She never seemed to attack that decision squarely. She seemed to try to deny it a right to confront her. And yet, definitely, constantly, with less impatience than a younger lover and vastly more skill than a less intellectual one, Carpenter made himself felt. Now and then in their discussions and in their arguments, he destroyed some reason against their marriage. Her defenses had been made very weak. She had no argument against the lack of liberty in marriage which he could not destroy. He would grant anything. Indeed he asked only for the simplest, most unadorned marriage bond—and companionship which she had admitted she enjoyed with him. She might retain her own name if she liked without any altercation—might leave him for months at a time—he let her frighten him with no such threats. He offered too, more leisure for thought than she had ever had in the pressure of earning her own living. She had told him a little of what it meant to always need all the money she had in the bank—to do many things and yet never have any feeling of ease, to fear dependency. “It would mean a charitable hospital or going to a remote little Pennsylvania town to an aunt who lived with my mother until she died and who lives on in the almost worthless little place where I was born.” When she told Walter that, he had almost won her, so absorbed were they both in the pity and dread of her loneliness. Then again there leapt between them some deep-rooted fear, some instinct, some dread pulling Margaret back to her little island of celibacy.

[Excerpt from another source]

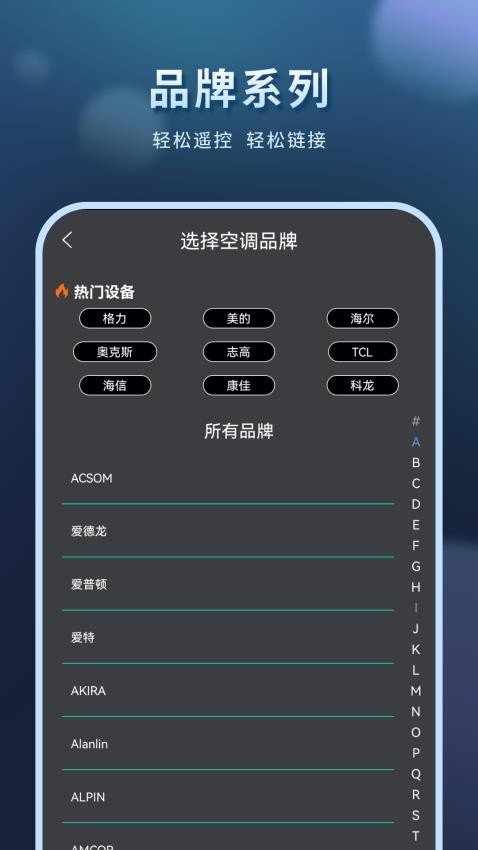 手机控制空调app官方版v7.3.3(3)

It was far from an unpleasant, bickering companionship that they had. Margaret, at thirty, past all the desires of adolescence, informed without experience, had given Gregory nothing and had only been disturbed and made nervous by him, even while she appreciated his fine fire and ardors. Carpenter satisfied, soothed her. They had the same shynesses, the same dread of absurdities in themselves. And Margaret was afraid that she might be lonely without him and that too worried her. She did not want to be lonely for any one. So she told him and he laughed and ventured to bring her hand to his lips and hold it there. She did not draw it away, perhaps because she was reasonable, perhaps because she was not.
To-night he talked of Gage, reflecting the gossip of the men of Gage’s acquaintance. With them the fact of the severing of the firm of Sable and Flandon was a subject of much speculation. Walter was worried about it, in his own quiet fashion. Gage and Helen were both his close friends.
“Talking won’t do any good,” advised Margaret.
“Talking never did do any good with a man. It drives him into himself, and that’s usually unhealthy. I mean the sort of talking which is full of advice, of course—or of prohibition.”
“Yet some of you ought to do something with Gage Flandon before he goes straight to pieces.” Margaret said nothing of what had happened that afternoon.
“Yes,” said Walter absently, “he’s been going to pieces obviously. But let’s not talk about him. Let’s talk about ourselves, Margaret.”
They were driving through the summer night, trying to get all the coolness possible. It was soft warm darkness but the swift car made a wind which blew back upon them, laden with clover smells, deeply sweet. All the elaborate mental approaches which Walter had made to the girl he wanted to marry were abandoned. He stopped the car and put his arm around her, not supplicating but as if the time had come for concession.
“About ourselves. We talk too much impersonal stuff, Margaret. It’s great fun but there’s more to be done than talk. We must begin on the other things. We know each other’s minds now. Let’s know each other’s feelings.”
It may have been the night, the darkness, the remoteness of the country road which made him so bold. He tipped her face up to his and kissed her eagerly, quite different now from the calm mannered man who had sat so calmly in discussion with her night after night, who had squired her so formally, who had made love to her mind and tried to capture her intellect but never more, except for those two easily restrained outbreaks.